Re the above comments on wings folding if you stick with the mild steel wing joiner you will not have a problem. I lost my joiner a few months ago and unable to locate any 1/4" bar I used 1/4" HT Ally instead, Worked fine for 6 or 7 flights until turning into wind for a landing at about 50 feet the wings folded up like a buzzard and promptly dived into the ground. Amazingly one wing panel was intact and the other suffered only a cracked root rib and minor leading edge damage, the ally bar was folded through 120 deg. The fuselage suffered only minor damage. I think maybe the higher stresses from using the 4 cell battery and the reduced strength of the ally were just too much. The joiner has now been replaced with steel as Dave Thornburg specified.

I also built spoilers into the wing panel and they do work, but you need to mix in some up elevator to counteract the pitching down and keep the model level. I also included a wire joining strap across the two stabilators as I found there was a tendancy for them to pull apart slightly in flight. I also have some down elevator mixed in with throttle to prevent the nose from pitching up to sharply, or you could hold in some down during the climb.

I have marked the fin with the position of the stabilators where they give a flat glide and I check this before each launch. not sure what the incidence is, I'll try to have a look tomorrow.

Get someone to give you a good strong level launch without power, preferably over some long grass, you can then have both hands on the tx ready to react and you can check the glide.

You'll love this model.


David Keil22/10/2013 12:09:52
29 forum posts

Thanks for that David, some very helpful tips and suggestions.

Unfortunately I built exactly as per plan without even considering motor size. Unless I do some severe alteration to the fuselage I think I am stuck with the 28mm width.
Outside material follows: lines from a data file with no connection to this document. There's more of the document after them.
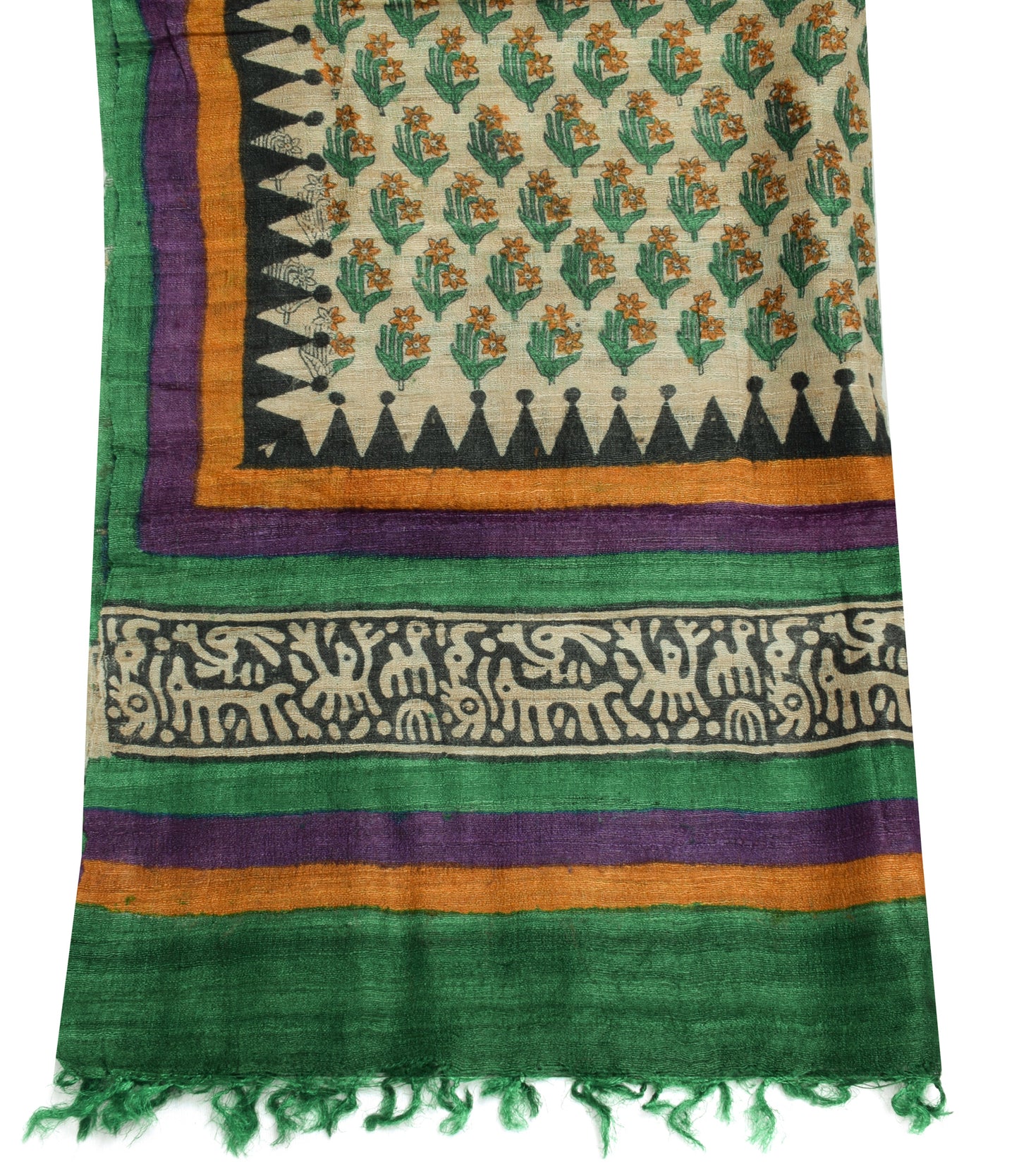 Sushila Vintage Light Brown Dupatta Pure Khadi Hand Printed Long Stole Veil
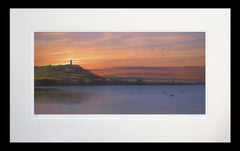 Co Down - Scrabo Sunset from Island Hill Flat Black Frame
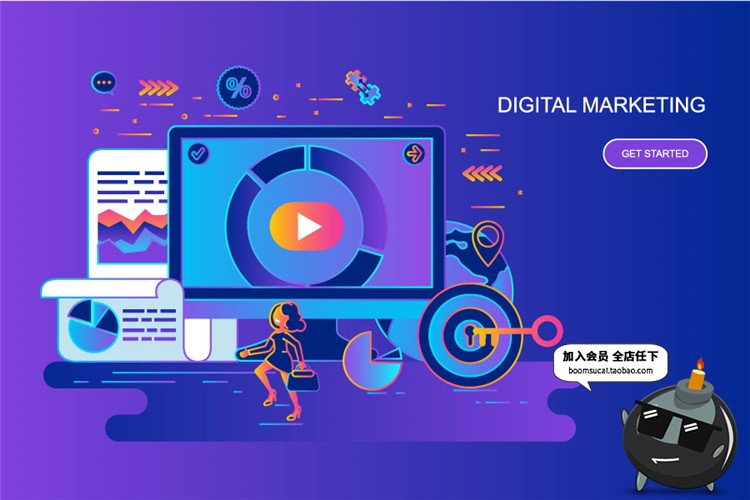 图片[4]-现代色彩扁平化商务概念科技未来广告网页页面元素AI矢量设计素材-设计猿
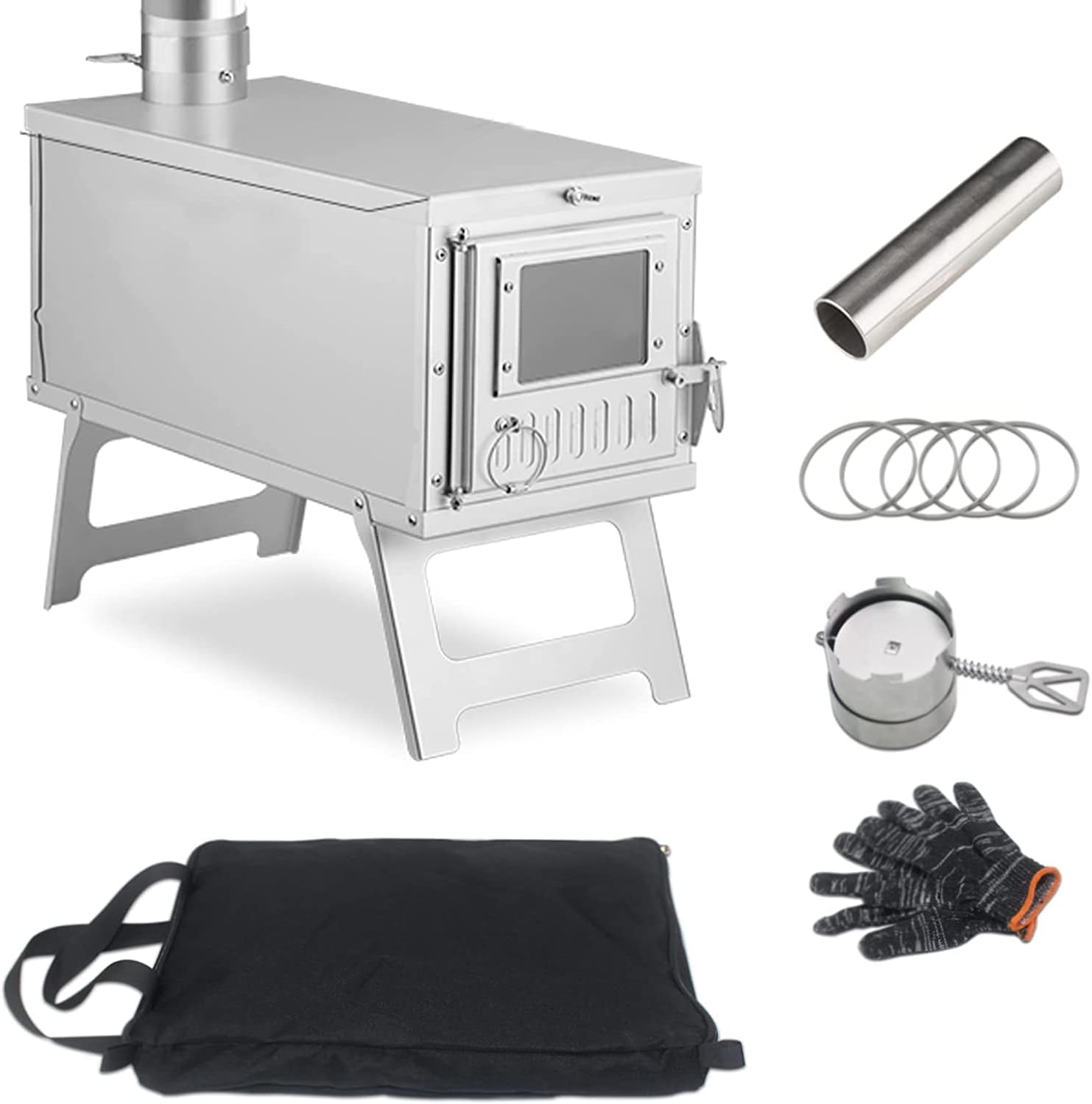 Ultralight Camping Stove Portable Wood Burning Stove for Tent, Camping, Outdoor Cooking, Hunting, Ice Fishing, 16.6 IN Outdoor Wood Stove with 8.2ft Foldable Chimney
Tim Hooper22/10/2013 20:39:54
2911 forum posts
2412 photos


If money isn't too much of an issue, you should be able to find a 28mm inrunner fitted with a gearbox on the front. This well let you swing a huge (and efficient) prop. These are used quite often by the glider flyers.


Edited By Tim Hooper on 22/10/2013 20:40:31

David Keil22/10/2013 22:05:25
29 forum posts

Thanks Tim but having had a look they are really out of my price range at the moment. Think I am going for a Hyperion GS2213. Hopefully it will produce the required results.